One of the American team members, Sarah Groff, was the sister of a friend of mine, so I was looking for her. I’d never met her, and I could see her face for her swimming cap and goggles. She started out at Station 53, and then I lost her in the water. For the early part of the swimming leg, the triathletes were bunched together. Then they fell into an arrowhead formation. It was drizzling on and off. The robot cameras performed their ballet, through the 1,500 meters of the swim, and the transition to the 43-kilometer biking leg 18 minutes in. The triathletes booked out of Serpentine Lake, stripped off their wetsuits, and jetted off for the seven laps around the park. As they separated into different packs, the applause and encouragement went through dependable cycles, breaking up the two-hour race for the spectators. The front pack summoned noise, which would cut out for a minute until the larger, second pack caught up, and so on, as the different bunches made their loops. According to the monitors, my friend’s sister was in this second pack for most of the competition. I kept missing her face.

What was going through their heads as they tried to keep going, tried to advance, felt bits of their bodies rebel and quit by degrees? I thought of Sebald’s last response to me, that tidy image of isolation, independence, and purpose. And inevitability, in the movement of the pebbles in the tide. The bikers skidded on the wet pavement, ripping open their skin. The monitors replayed their wipeouts over and over again, the cameras everywhere, the ones I could see and the ones I could not, catching everything except the private scenarios in the athletes’ heads, the ones that kept them going.
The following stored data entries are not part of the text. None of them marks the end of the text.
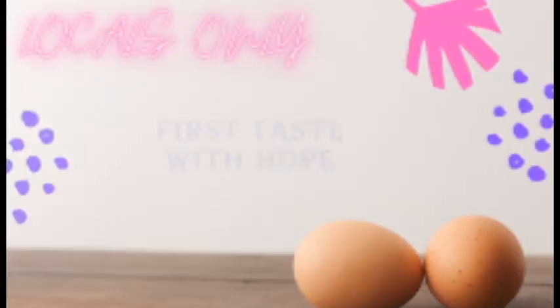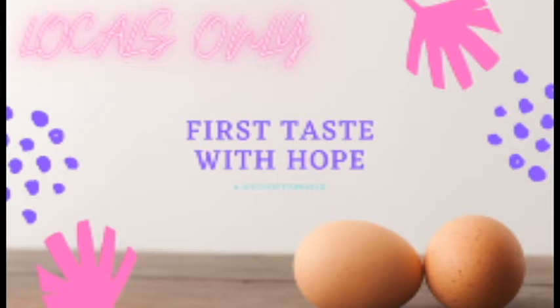Hey everyone, welcome to another First Taste with Hope! Today we're exploring another locals' restaurant — this one is actually the number one recommended restaurant on the list of votes for where to eat in the Myrtle Beach area. It's located near the Surfside Beach area and it's called Greg's Cabana. We are super excited to be here and try all this good food — let's go eat!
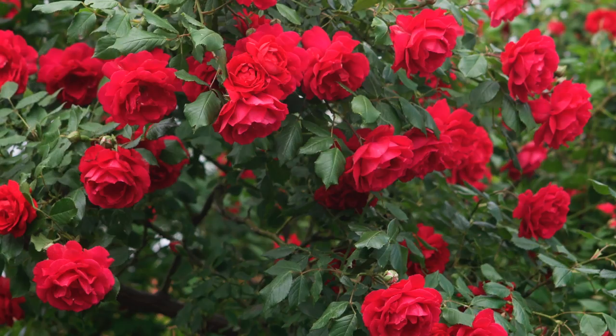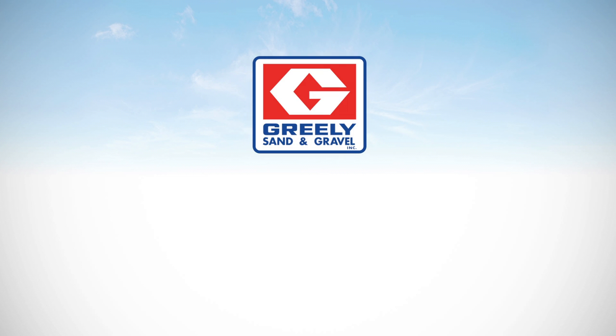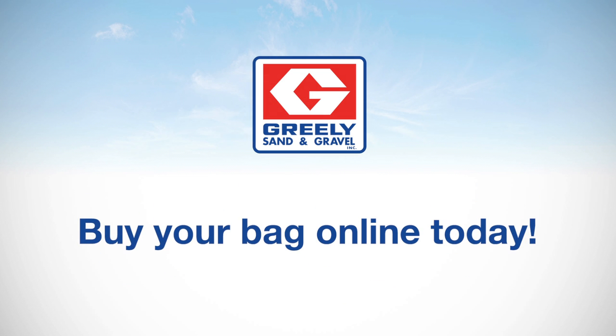We want you to have the green grass, the brightest flowers, and the biggest roses growing in your garden. Grillies sand and gravel, delivered right to your door.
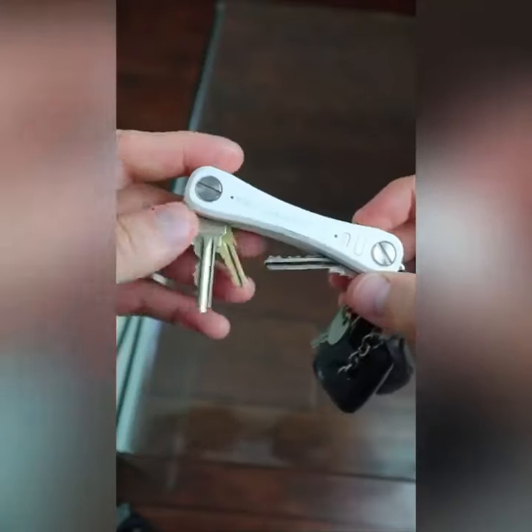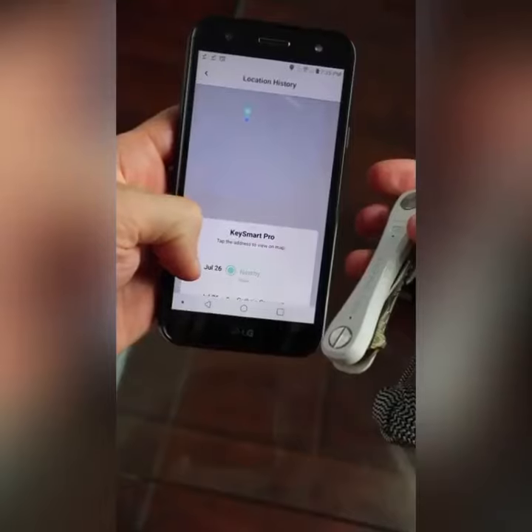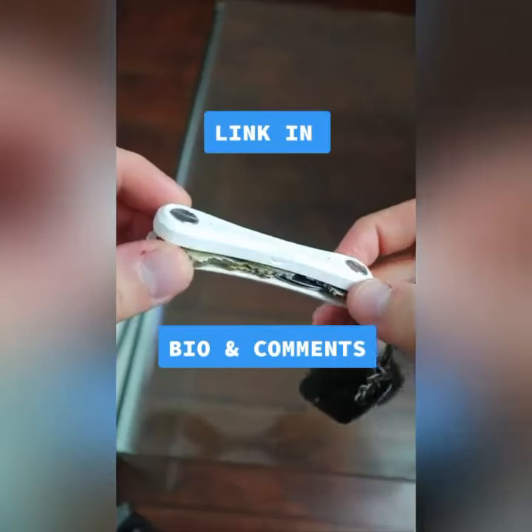It has the capacity to hold several keys and lets you track your missing keys on a map. As always, the link is in my bio and comment section.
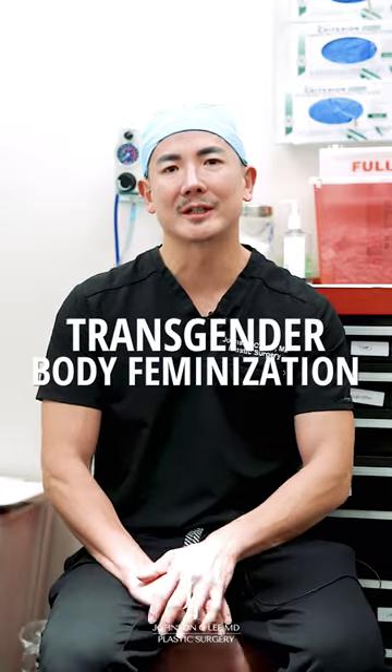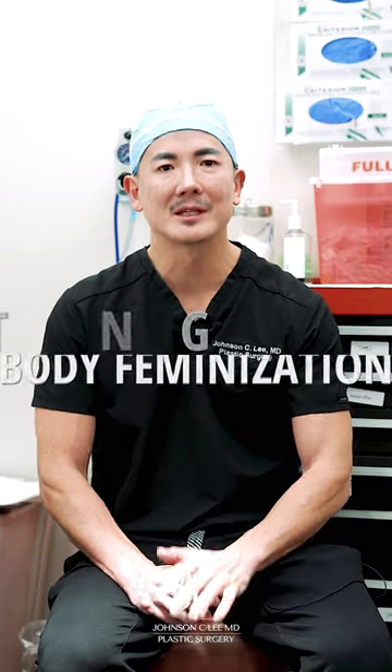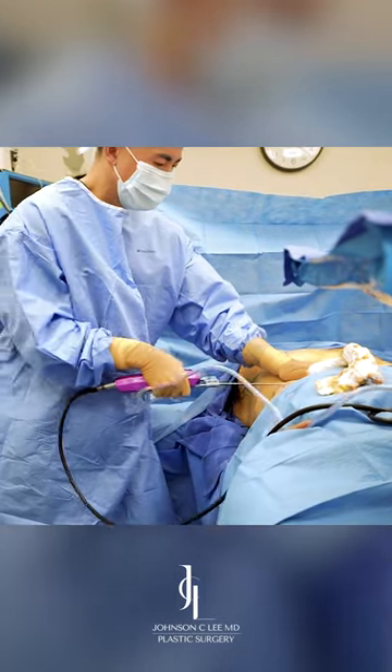Today I have a very lovely patient. She's transgender, so I'm going to be doing gender affirming body feminization procedures. Specifically for her, she's looking to get liposuction of the body to really remove a lot of the fat around her waist.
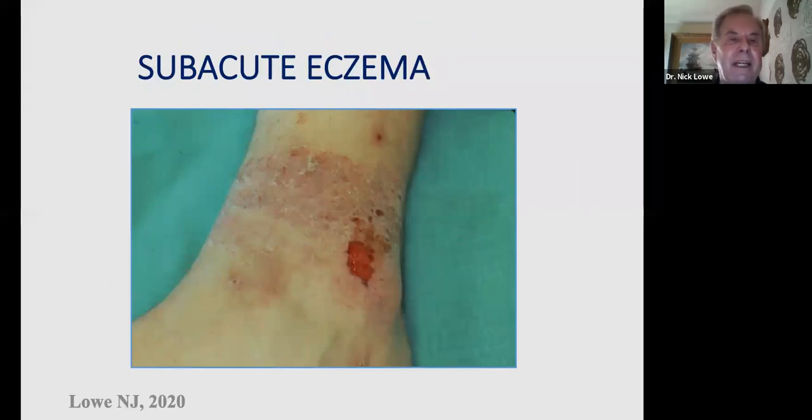This is an example of subacute eczema with significant redness, erythema, thickened skin, scale, and breaks in the skin — the fissures. At this stage there are several concerns: pain, irritancy, and increased risk of infection. The skin barrier is severely affected, raising all these concerns as the eczema proceeds into the subacute stage.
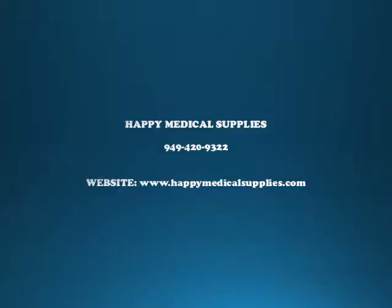Let us help you today. Call Happy Medical Supplies at 949-420-9322, or go to www.happymedicalsupplies.com. You can also see the complete information in the description box.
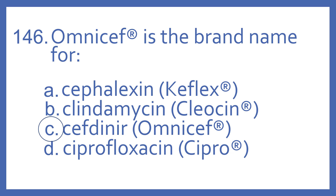Cephtonir is the brand name for Cephalaxin, also a cephalosporin antibiotic. Cleacin is the brand name for Clindamycin, which is a lincosamide antibiotic. And Cipro is the brand name for Ciprofloxacin, which is a fluoroquinolone antibiotic.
They ditched their bikes and started running. Ten kilometers to go, four laps. By the last lap, the front pack was down to four people. I had stopped checking for Sarah Groff, but there she was, somehow in fourth, then in third, trading places. At some point between the start of the run and the last lap, while I was no doubt preoccupied with thoughts of death or barbecue, she’d battled up to the leaders. It was close. She came in fourth, 10 seconds from bronze. I didn’t even know her, but I felt very proud. It was a nice way to start my London Olympics.

A couple of hours later, I was Yakety-Saxing it up at the Horse Guards Parade. Women’s beach volleyball had the night shift.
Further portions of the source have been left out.